The company added a model for Actlyzer for complex movement or behavior recognition in January.

Fujitsu said it tested the technology on three different work processes at the Yamanashi Plant of Fujitsu I-Network Systems, a unit that manufactures network equipment products, and obtained results of 90 percent accuracy or higher.

The test showed the solution not only helps in improving work efficiency but also in accelerating the transfer of skills. The work processes evaluated included parts setting, assembly work and visual inspection.

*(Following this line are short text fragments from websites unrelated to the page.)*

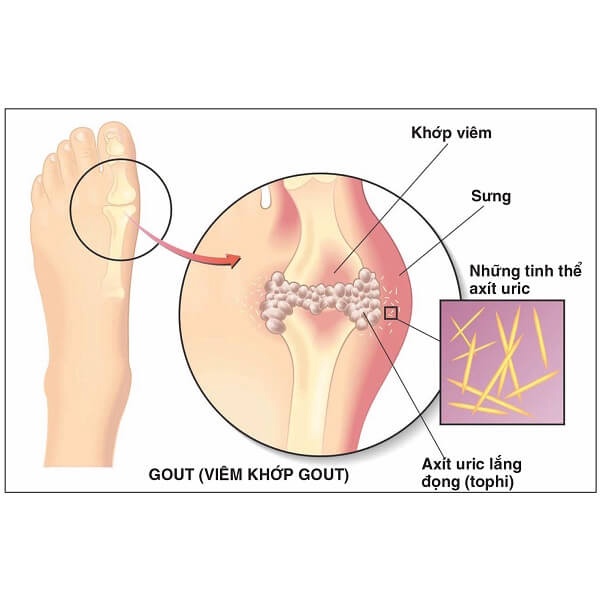 Viên Hỗ Trợ Gout ANSERINE MINAMI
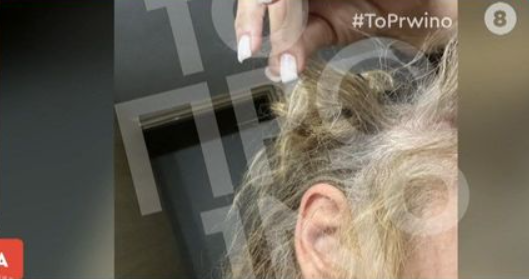 Σοκ στη Συγγρού: Πλαστικός χειρουργός επιτέθηκε άγρια σε 43χρονη μέσα στο αυτοκίνητο – Τη χτύπησε στο τιμόνι και της ξερίζωσε τα μαλλιά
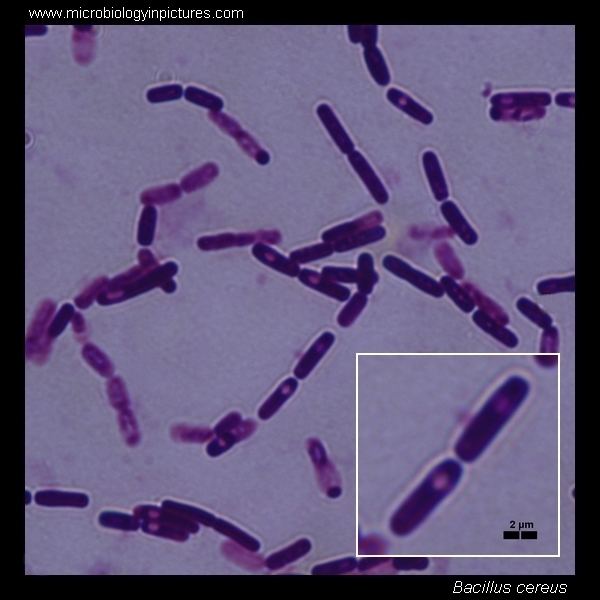 Bacillus cereus Bacillus cereus microscopy Bacillus cereus Gramstain and cell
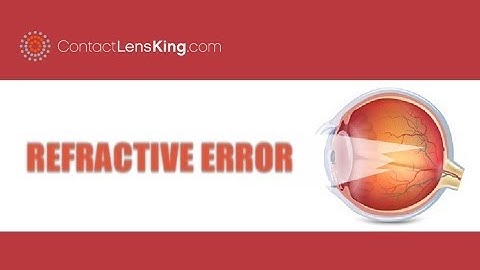 Refractive Error of Eye | Common Refractive Errors | Myopia, Hyperopia, Astigmatism, and Presbyopia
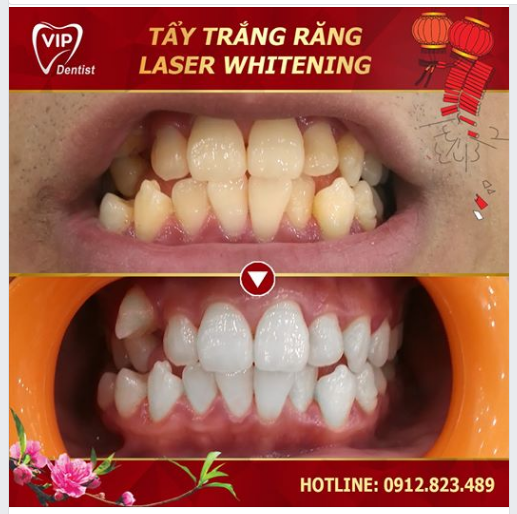 TẾT CẬN KỀ, RĂNG TRẮNG SAY MÊ 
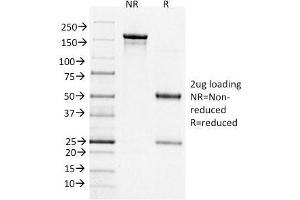 SDS-PAGE Analysis Purified BCL-6 Mouse Monoclonal Antibody (BCL6/1526). (BCL6 抗体  (AA 256-389))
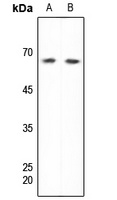 DDX5 Rabbit Polyclonal Antibody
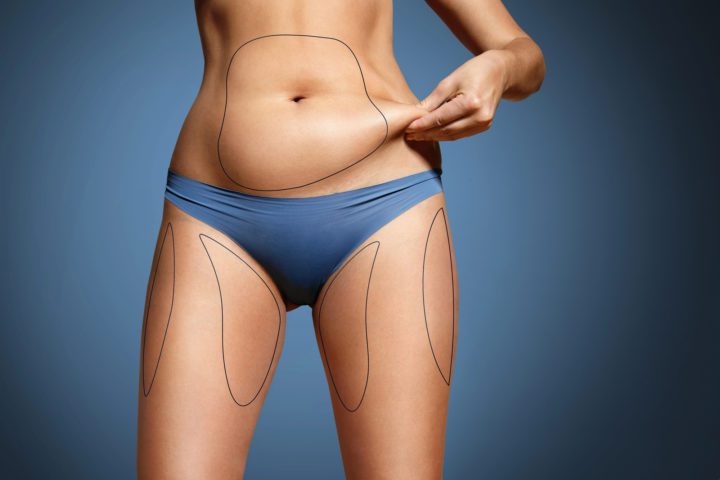 Does Ultrasonic Fat Cavitation Work?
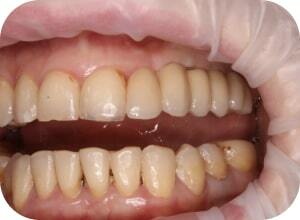 После имплантации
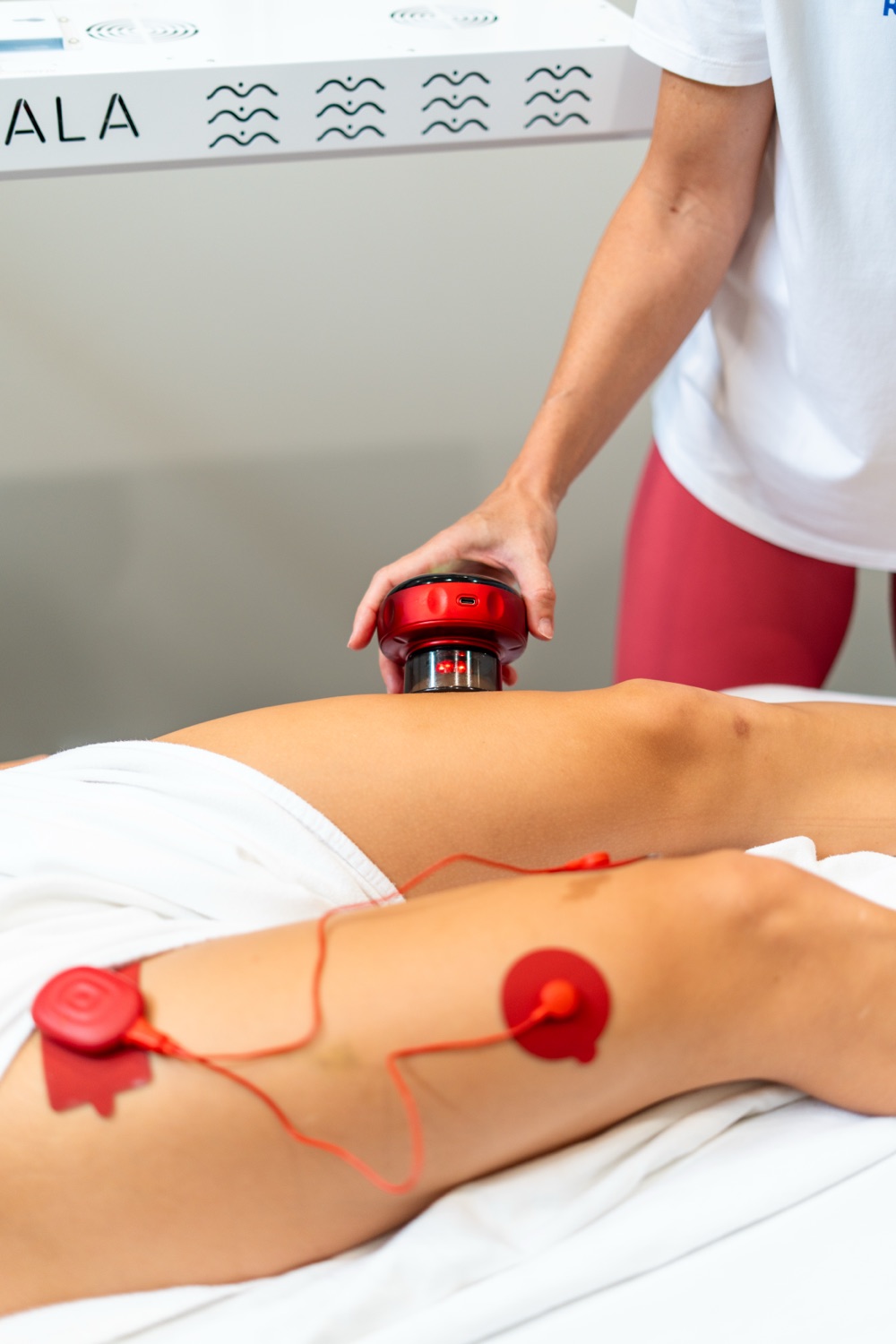Neurofunctional Acupuncture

The system carried out the evaluation in three steps, namely recording the work, measuring the time for each work element, and then analyzing it for behavior recognition.

Although it has begun with the manufacturing industry as its target, Fujitsu says it will keep exploring possible scenarios of other use cases for the technology such in the domains of logistics, agriculture, and medical care, with the aim of putting it into practical use in the course of this year.